The financing of offshore drilling in Brazil is important in light of the discovery in the Tupi oil field in the Santos Basin. Near Rio de Janeiro, Petrobras is hoping for a big payday from this field. Petrobras is one of the largest corporations in the Americas, The WSJ article points out, and the U.S. Export-Import Bank has issued a "preliminary commitment" letter in the amount of $2 billion.
Remember when Obama came around to the idea that offshore drilling should be increased in our country? After increased pressure from the electorate and high prices at the gas pump last summer during the campaign, Obama agreed that more drilling activity is needed. Once in office, however, he reverted back to the old ways of the far left.
Sure, 'green' energy is good. However, all of that technology is far down the line into the future and methods like the wind technology used now is proving to be simply not feasible due to the high price of such ventures. Hopefully that will change. In the meantime, we need oil.
Interior Secretary Ken Salazar has won an appeal of the block put on the Bush administration's five year plan to open the outer continental shelf for oil exploration by environmentalists in federal court. Salazar said the sale of leases in the Gulf would occur August 19.
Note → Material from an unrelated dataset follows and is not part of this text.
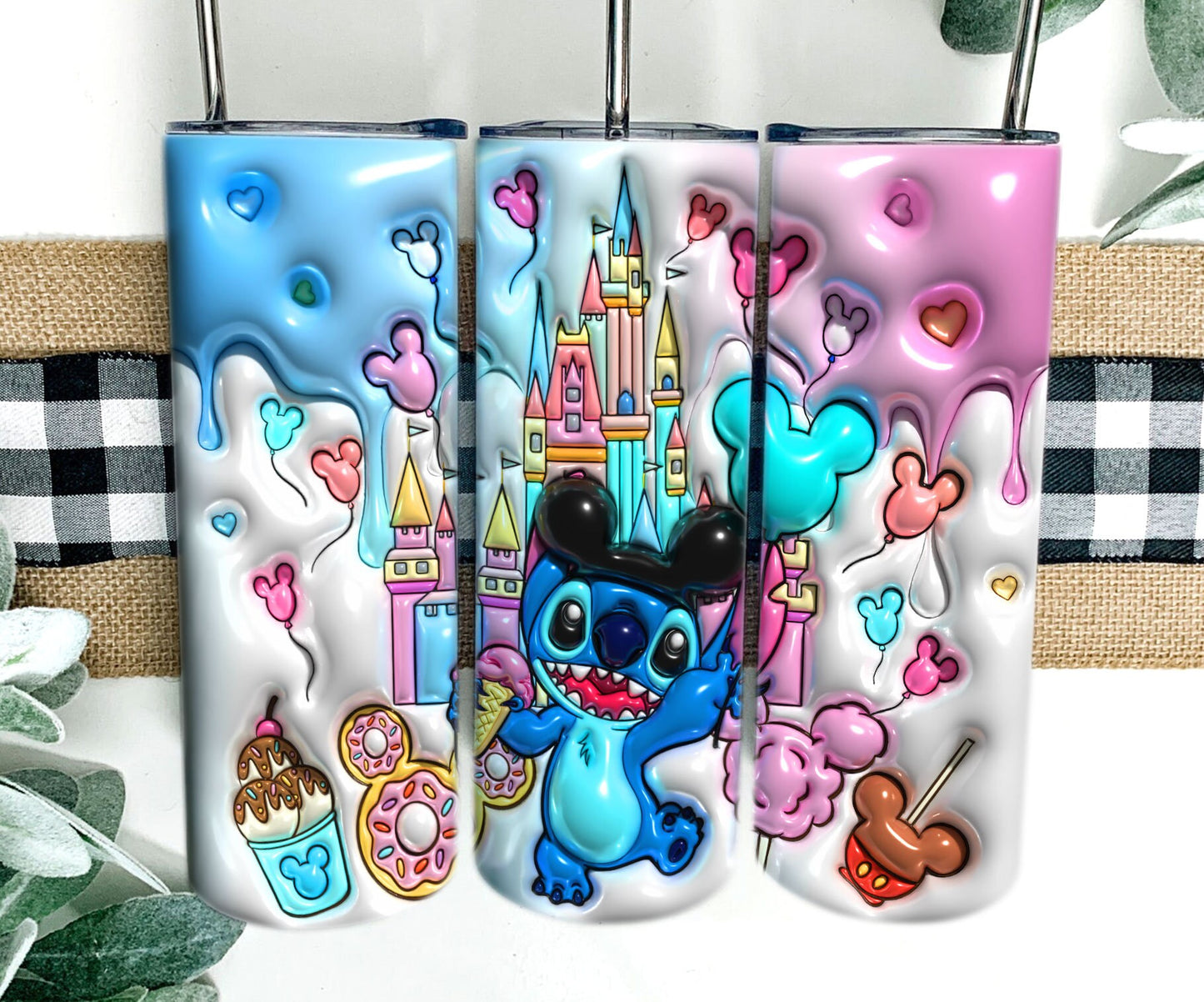 3D Inflated Cartoon Tumbler, Magic Castle Tumbler Wrap, 3D Inflated Tumbler, Snack Tumbler, Cartoon Movie Tumbler, Full Tumbler Wrap,Png - VartDigitals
So, while Obama smears "Big Oil" as the bad guys and does all he can to take away tax incentives for the development and drilling of oil and gas, he is all for helping out Brazil. Odd, isn't it? He was all giddy over the Cap and Trade legislation out of the House before the summer recess. Called "cap and tax" by its opposition, even former Democratic Senator Tim Wirth - a former adviser on climate change for President Clinton - says "The Republicans are right -- it's a cap and tax bill." That from a report in Bloomberg. "That's what it is because they are raising revenue to do all sorts of things, especially to take care of the coal industry, and it makes no sense."
Aren't Americans worthy of the same oil revenue and production as Brazil?